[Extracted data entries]
+--
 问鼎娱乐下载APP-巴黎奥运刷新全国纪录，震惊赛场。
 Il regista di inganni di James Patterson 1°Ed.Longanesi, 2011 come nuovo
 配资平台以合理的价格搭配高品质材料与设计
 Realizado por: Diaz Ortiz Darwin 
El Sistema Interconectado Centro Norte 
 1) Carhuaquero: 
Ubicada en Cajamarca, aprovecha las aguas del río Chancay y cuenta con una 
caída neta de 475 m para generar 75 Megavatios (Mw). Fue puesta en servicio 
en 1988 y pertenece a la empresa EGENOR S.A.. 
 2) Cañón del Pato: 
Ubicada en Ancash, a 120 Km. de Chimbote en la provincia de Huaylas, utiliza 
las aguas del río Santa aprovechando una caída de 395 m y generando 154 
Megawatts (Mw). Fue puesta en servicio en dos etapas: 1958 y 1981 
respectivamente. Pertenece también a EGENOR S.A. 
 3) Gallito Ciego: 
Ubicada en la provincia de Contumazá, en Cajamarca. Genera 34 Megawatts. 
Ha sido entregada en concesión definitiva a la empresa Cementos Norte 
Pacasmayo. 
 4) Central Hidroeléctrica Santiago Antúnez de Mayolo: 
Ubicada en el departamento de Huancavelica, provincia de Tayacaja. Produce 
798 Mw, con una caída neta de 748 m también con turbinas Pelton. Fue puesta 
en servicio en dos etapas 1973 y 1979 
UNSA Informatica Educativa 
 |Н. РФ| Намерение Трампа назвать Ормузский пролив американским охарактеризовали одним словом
+--
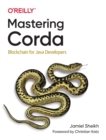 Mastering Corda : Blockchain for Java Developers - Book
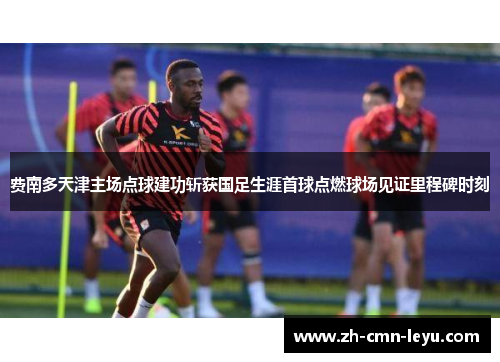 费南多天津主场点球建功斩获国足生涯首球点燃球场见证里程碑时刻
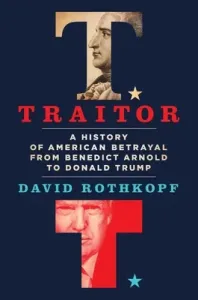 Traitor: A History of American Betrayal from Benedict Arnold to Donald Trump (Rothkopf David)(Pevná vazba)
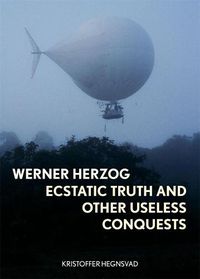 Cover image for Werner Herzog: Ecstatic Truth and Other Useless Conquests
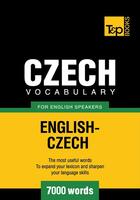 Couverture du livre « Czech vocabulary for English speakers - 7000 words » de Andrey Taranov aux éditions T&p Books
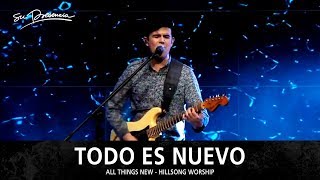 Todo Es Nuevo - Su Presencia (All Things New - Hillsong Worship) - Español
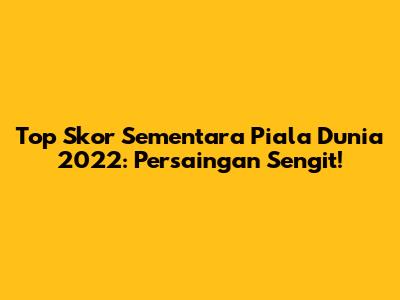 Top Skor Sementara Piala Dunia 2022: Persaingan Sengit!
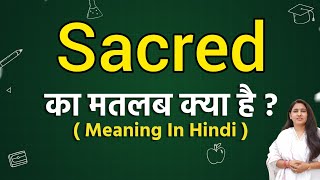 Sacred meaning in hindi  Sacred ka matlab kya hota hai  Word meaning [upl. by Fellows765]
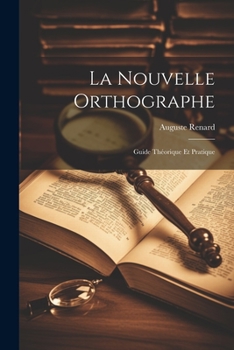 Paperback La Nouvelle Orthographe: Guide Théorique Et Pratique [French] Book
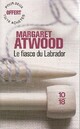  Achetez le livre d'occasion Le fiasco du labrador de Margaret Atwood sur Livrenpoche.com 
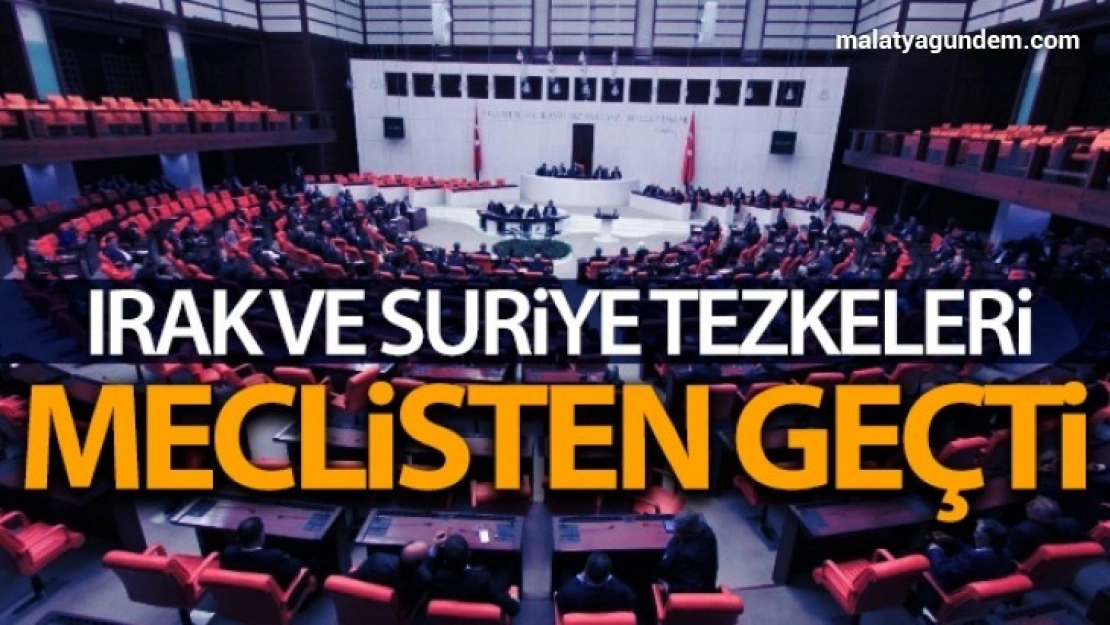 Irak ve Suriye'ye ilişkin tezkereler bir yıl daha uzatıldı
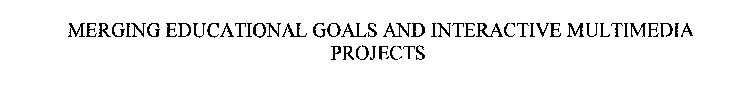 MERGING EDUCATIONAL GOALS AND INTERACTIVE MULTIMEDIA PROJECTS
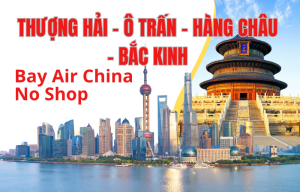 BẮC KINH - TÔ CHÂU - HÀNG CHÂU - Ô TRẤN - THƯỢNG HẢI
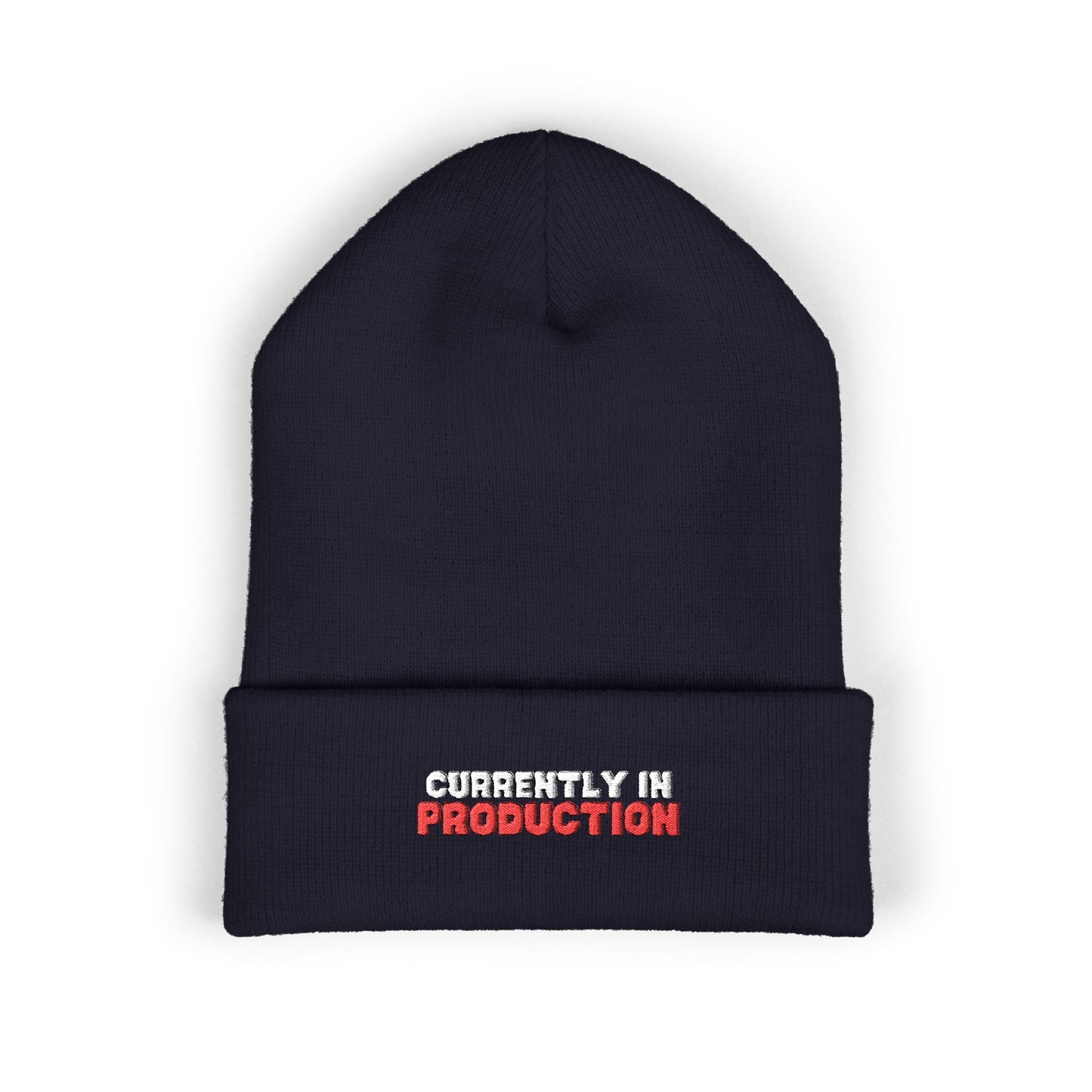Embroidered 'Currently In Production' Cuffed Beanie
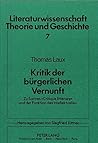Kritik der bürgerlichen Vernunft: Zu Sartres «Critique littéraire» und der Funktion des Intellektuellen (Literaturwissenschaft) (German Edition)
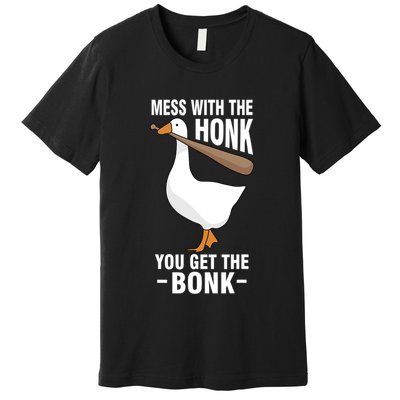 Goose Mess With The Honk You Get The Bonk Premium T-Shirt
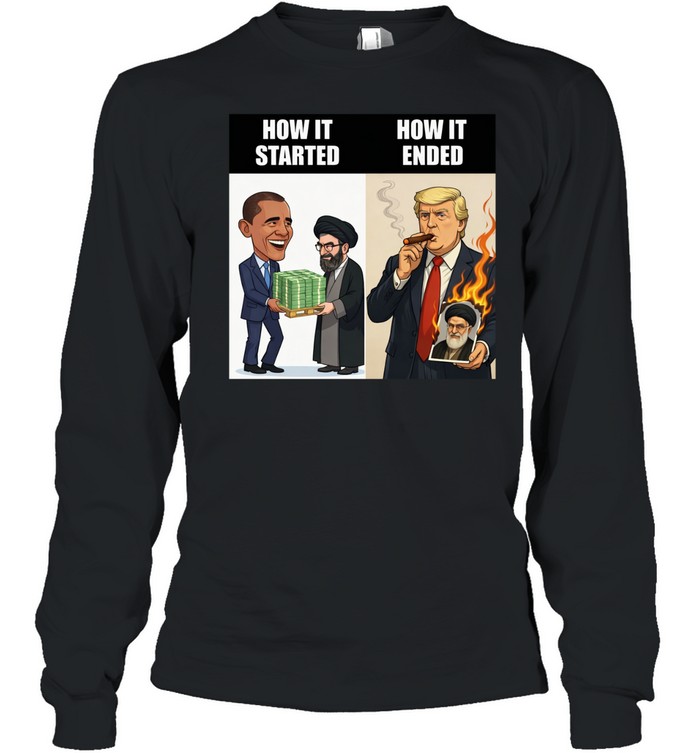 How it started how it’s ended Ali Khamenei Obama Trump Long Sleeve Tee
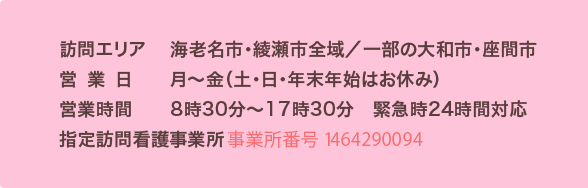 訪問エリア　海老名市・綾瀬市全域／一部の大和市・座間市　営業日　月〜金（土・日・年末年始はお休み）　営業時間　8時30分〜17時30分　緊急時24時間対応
+--
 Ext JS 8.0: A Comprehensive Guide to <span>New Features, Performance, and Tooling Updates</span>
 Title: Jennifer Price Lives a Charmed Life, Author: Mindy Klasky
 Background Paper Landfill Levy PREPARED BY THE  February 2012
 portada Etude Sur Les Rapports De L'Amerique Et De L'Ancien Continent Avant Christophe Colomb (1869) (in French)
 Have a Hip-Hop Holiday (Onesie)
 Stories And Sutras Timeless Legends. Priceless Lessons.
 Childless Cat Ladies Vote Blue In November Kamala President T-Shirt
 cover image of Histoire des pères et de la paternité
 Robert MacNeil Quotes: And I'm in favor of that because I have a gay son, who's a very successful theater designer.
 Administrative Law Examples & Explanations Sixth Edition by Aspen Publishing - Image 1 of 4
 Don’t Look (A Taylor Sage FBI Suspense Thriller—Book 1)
+--
◆ **Activity**:
Tally the lines of the data that include the word "etapas". Reply with the number only.

◆ **Answer box**:
2